French aristocrat and writer

Henriette Louise de Waldner de Freundstein, Baronne d'Oberkirch (5 June 1754 – 10 June 1803) was a French aristocrat, socialite, and memoirist.

== Biography ==

She was born on 5 June 1754 in Schweighouse-Thann, Alsace to François Louis Waldner de Freundstein, Baron de Waldner and Wilhelmine Auguste Berckheim de Ribeauvillé. After her birth, her father became the Comte de Waldner.
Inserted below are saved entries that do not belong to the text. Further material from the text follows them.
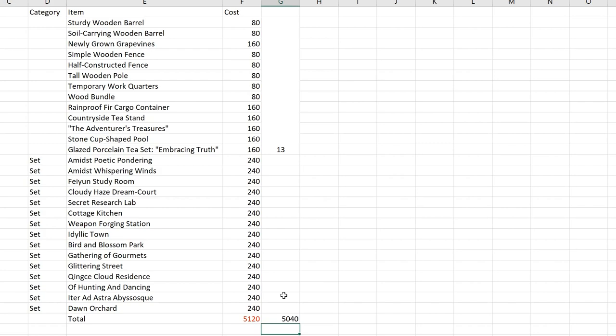Because I'll still be able to save up and get enough for this since I have not bought my transient resin for this week yet. So lucky me. I did spend on the hedges, but it's fine because those blooming hedges will be used in the Bird and Blossom Park anyway. You need four of it per Bird and Blossom Park.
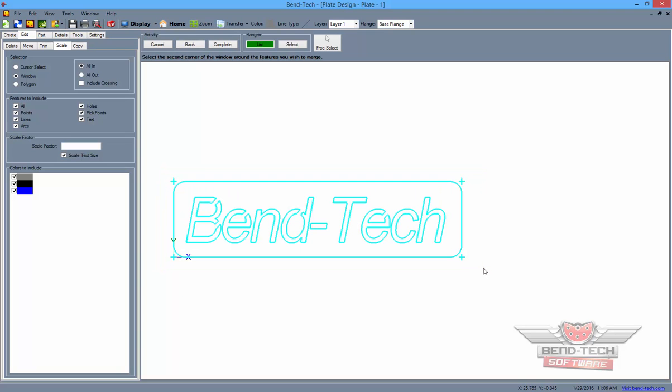Now, this is different from the Tube Scaling function. Here, 100% is equal to 1. So, if we'd like to scale our project up 120%, as in the Tube Assembly project, we will type in 1.2 and click the Complete button to assign the action.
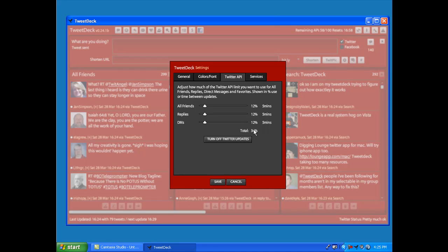How many people you are following and how many messages would be coming into your tweet stream in TweetDeck will affect your rate limit, your API limit. But that's the short of it.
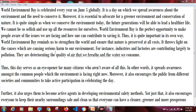It is quite simple — when we conserve the environment today, the future generation will be able to lead a healthier life. We cannot be so selfish and use up all the resources for ourselves. World Environment Day is the perfect opportunity to make people aware of the issues we are facing and how one can contribute to saving it. Thus, it is quite important in its own way. World Environment Day reminds us to strengthen the world and ensure that nature is preserved at all cost.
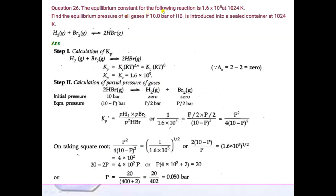Question number 26: the equilibrium constant for a reaction at 1024 K is given, with Kc provided. All species are gaseous, so find Kp using the Kp-Kc relation. Delta Ng = moles of product minus moles of reactant = 2 minus 2 = 0. Therefore Kp equals Kc = 1.6×10⁵.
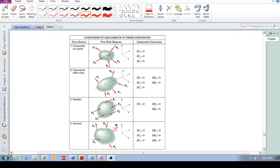Let's look at categories of equilibrium in three dimensions. If you recall, in section 3.2, we did this for two-dimensional systems. So let's look at three-dimensional systems. We've got four categories again.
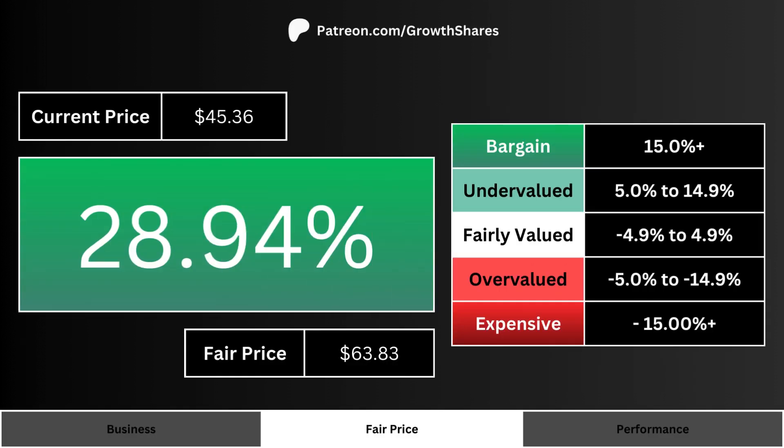So how undervalued is the stock? What you see is the current stock price of our company and its fair price. What you want is the current price to be less than the fair price — this is easily noted with a positive or negative percentage number. The higher the percentage, the more of a bargain the stock is.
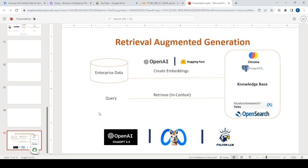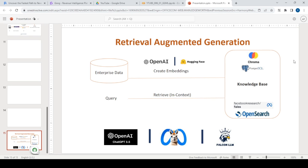This is the typical flow of Retrieval Augmented Generation. We have enterprise data — typically all text — and we create embeddings out of it. For example, we can use OpenAI's Ada or Sentence Transformers from Hugging Face, and we store these embeddings into something called a vector store or vector database. There are both open source and commercial solutions available. In previous videos I have worked with PostgreSQL, OpenSearch, and FAISS — that's where all the embeddings are stored.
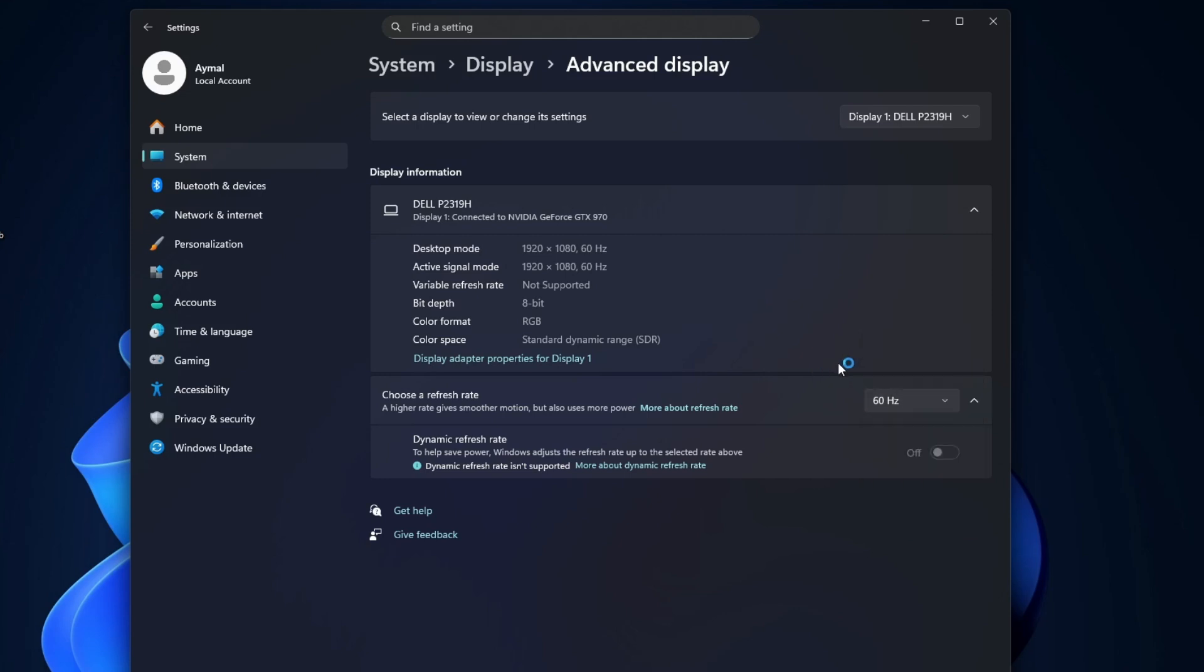Click the drop-down and select the Dynamic option. Windows will now adjust your refresh rate automatically based on your activity.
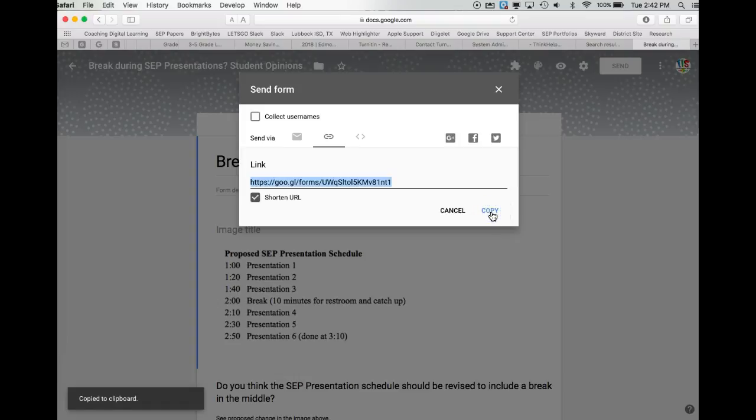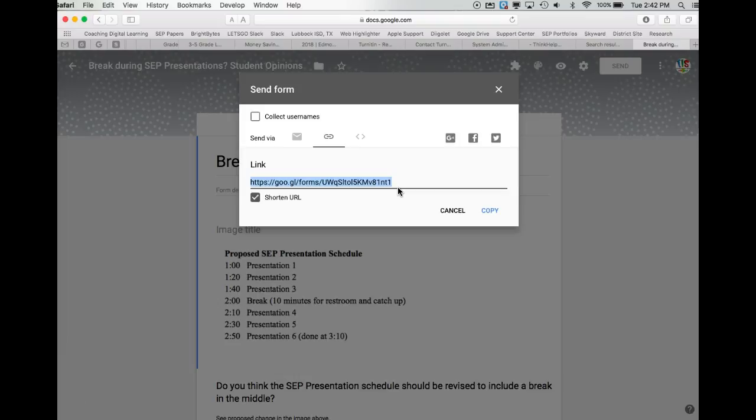What this allows me to do is send out an email with this link as part of the email, so I can give any background explanation that I might need at that time.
She married Baron Charles Frédéric Siegfried d'Oberkirch. They had a daughter, Marie-Philippine Frédérique Dorothée (1777–1827), who married in 1798 to Count Louis Simon de Bernard de Montbrison. Their grandson edited and published the Mémoires in English in 1852 and in French in 1854.

The baroness lived in and wrote about court society in her native Alsace, in Montbéliard, Stuttgart and (most importantly) in Paris and Versailles; her trips to the court of Louis XVI occurred in 1782, 1784, and 1786. She was a childhood friend of the Grand Duchess Maria Feodorovna (Sophie Dorothea of Württemberg), later the Empress of Russia, and of Goethe. The writer Jakob Michael Reinhold Lenz fell in love with her in 1776 and wrote several works inspired by this love. Her writing provided insight into high society during the end of the ancien régime.

The baroness notably praised the whipped cream served at a lunch at the Hameau de Chantilly, which would later be named Crème Chantilly.